夢 の 種 ま き 授 業
常 諾 真 教

 子どもが夢を持たなくなったと言われる。
 幼稚園の広報紙を見ると、Jリーグの選手になりたい、新幹線の運転士に、花屋さんに、ケーキ屋さんにと、それぞれに自分の将来を夢見ている。しかし、小学校の高学年になってくると、現実が見えてきて素朴な夢を語れなくなる。かといって、具体的に将来の職業選択ができるほどには現実の社会を知らない。よく言われる「しっかり勉強して、いい学校に入って、いい会社に就職して…」という生き方も、最近の社会情勢では説得力を持たない。

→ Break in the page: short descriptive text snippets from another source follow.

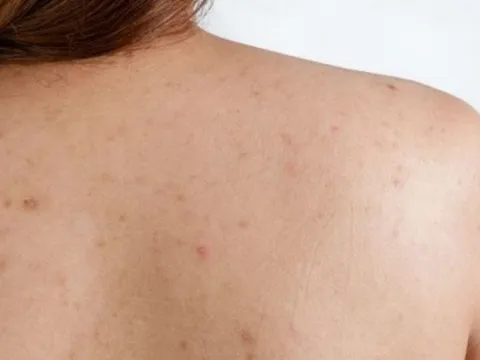 Mụn lưng bùng phát vào mùa hè: Những cách chăm sóc giúp da cơ thể thông thoáng hơn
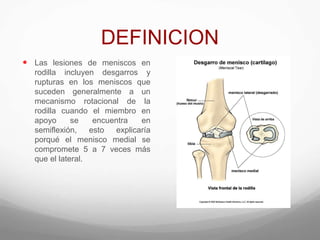 DEFINICION
 Las lesiones de meniscos en
rodilla incluyen desgarros y
rupturas en los meniscos que
suceden generalmente a un
mecanismo rotacional de la
rodilla cuando el miembro en
apoyo se encuentra en
semiflexión, esto explicaría
porqué el menisco medial se
compromete 5 a 7 veces más
que el lateral.
 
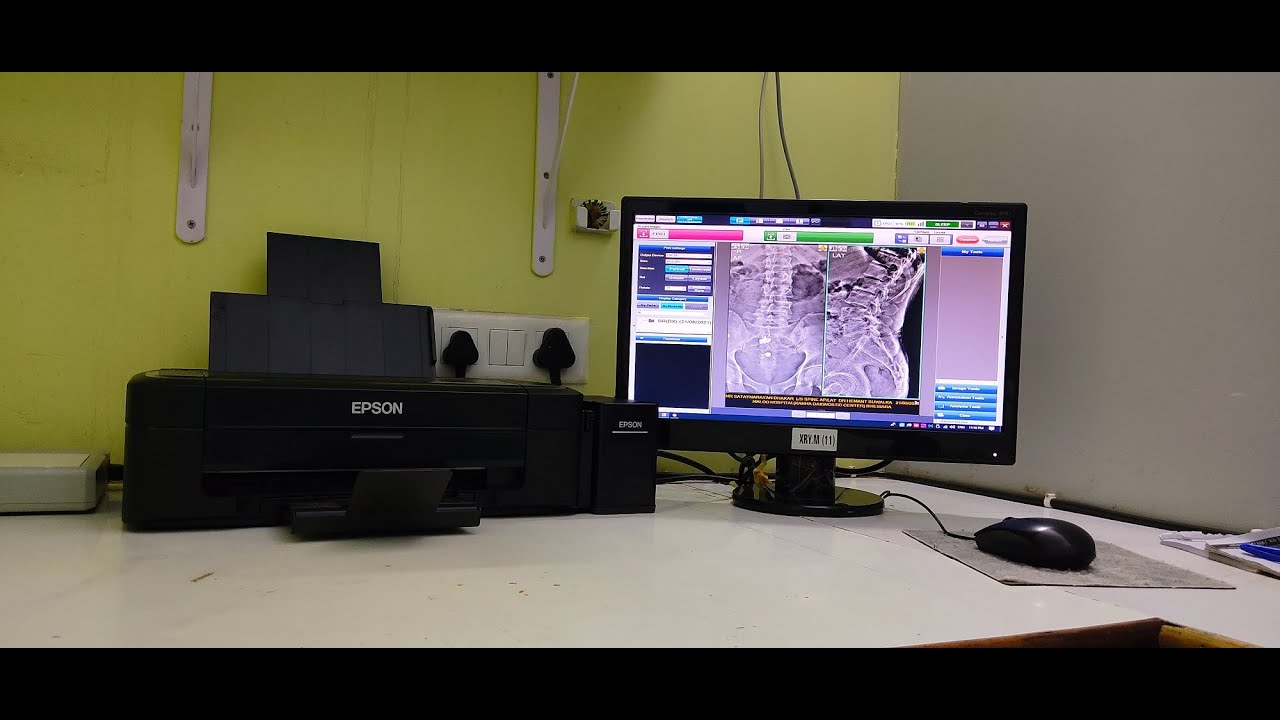 Inkjet X-RAY Film Printing Inkjet Medical Films Low cost x-ray printing how to print x-ray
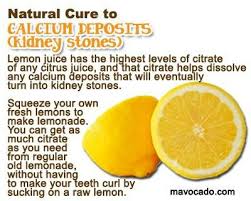 Lemons Kidney Stones Calcium Deposits Kidney Stones Remedy How To Squeeze Lemons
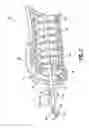 Fig. 06 - Catheter assembly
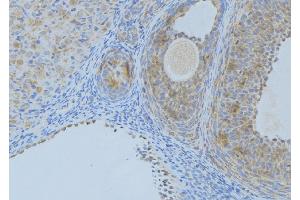 ABIN6276407 at 1/100 staining Human uterus tissue by IHC-P. (Angiopoietin 2 antibody  (N-Term))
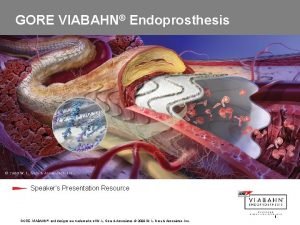 GORE VIABAHN Endoprosthesis Speakers Presentation Resource GORE VIABAHN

 今、子どもたちに必要なのは、「すごいなあ、私もそんなことができたらいいなあ」「そんな生き方があるのか」「おもしろそうな世界だなあ」と感じ、夢やあこがれを持つことではないだろうか。職業選択の参考にするためではなく、「生きることのすばらしさ」や「生きがい」を感じさせることが、「生きる力を育てる」ことにつながるであろうと思う。
 町内に在住・在勤のいろいろな分野の専門の方に授業をしていただき、子どもたちに夢やあこがれを感じさせたいと企画したのが「夢の種まき授業」である。

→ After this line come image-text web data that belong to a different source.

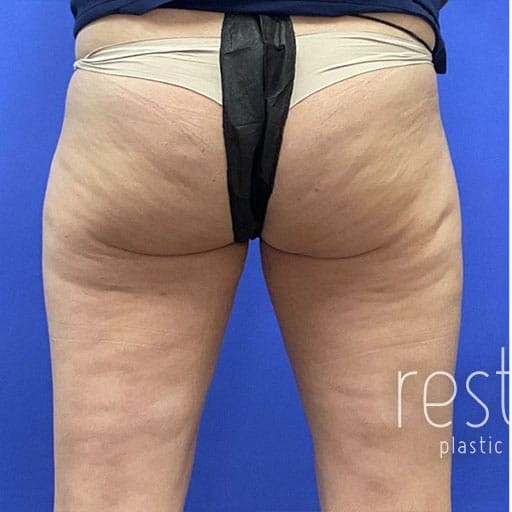 Cellulite Reduction before and after - before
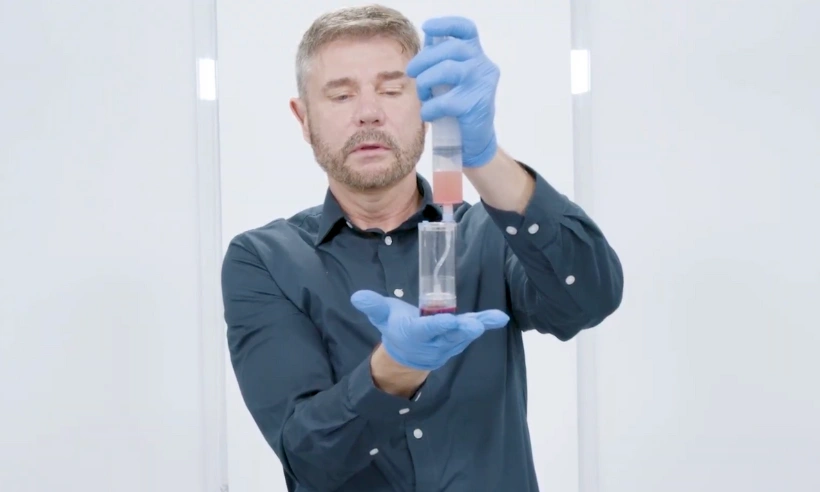 platelet-rich plasma prp photo gallery 7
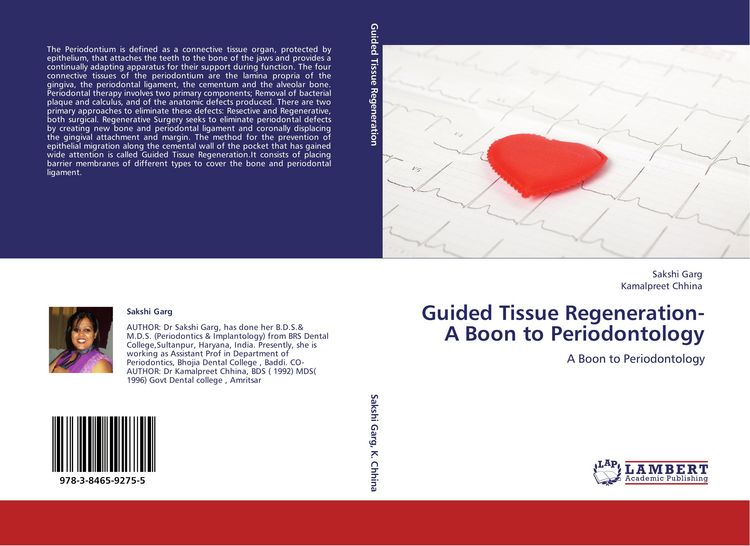 Produktbild: Guided Tissue Regeneration- A Boon to Periodontology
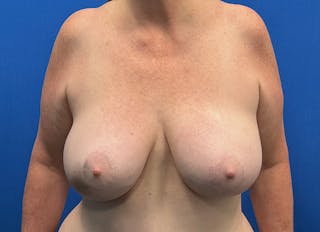Flap Reconstruction Gallery Before & After Gallery - Patient 307708 - Image 6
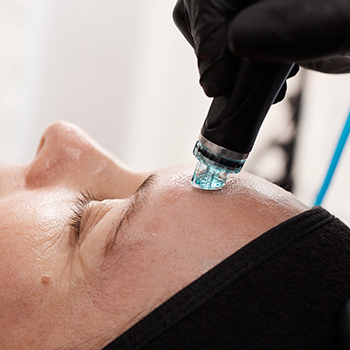 HydraFacial | Spa Radiance Day Spa | San Francisco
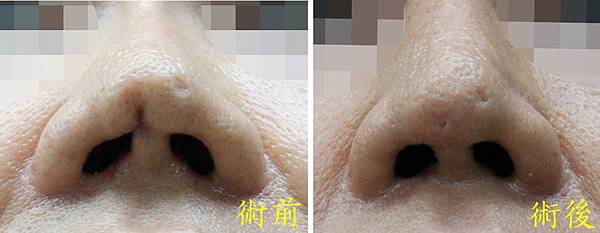 鼻尖皮膚的重修 nasal tip skin defect 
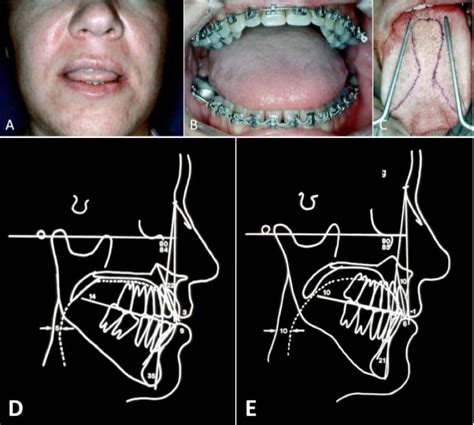 Macroglossia With Tongue Protrusion Larry M Wolford Dmd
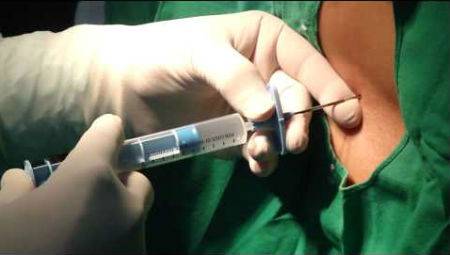 блокада позвоночника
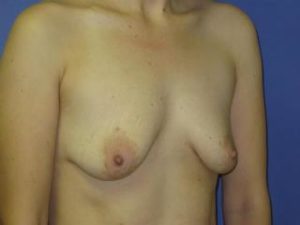 Breast Augmentation Before & After Patient #1310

 第1回目は、50年にわって演劇をやってこられた福井谷敏生さんに6年1組で授業をしていただいた。6年生全員を集めると講演会になってしまうので、「教室で授業」というスタイルをとった。どの子もが身を乗り出すようにして真剣に話を聞いていた。

◆50年間もいっしょのことをずっとやっていたら、ぼくならあきてやめてしまう。だけど、福井谷先生はあきずに50年間つづけていたからすごい。
◆テレビに出ればお金ももらえるし、有名にもなれるけど、自分が劇をしてそれを見ている人が笑ったりするのがいっしょにできるのが劇の楽しさだと教えてくださいました。
◆演劇は、ドラマみたいにNGがなく、一発本番でやらなくてはいけないし、けいこも厳しい。お客の前で演技をするとき、もし失敗してもそのまま演技をしなければならないのはつらい。でも、それを乗り越えての喜びが大きいのだと思いました。
◆本(花さき山)を読んでくださったとき、おばあさんのしゃべっているところなどは、すごくじょうずでした。しゃべる人によって、少し声が変わっていてすごかったです。


 もらった夢の種を育てるのは子どもたちである。
 第2回目は、町長さんが授業をしてくださる。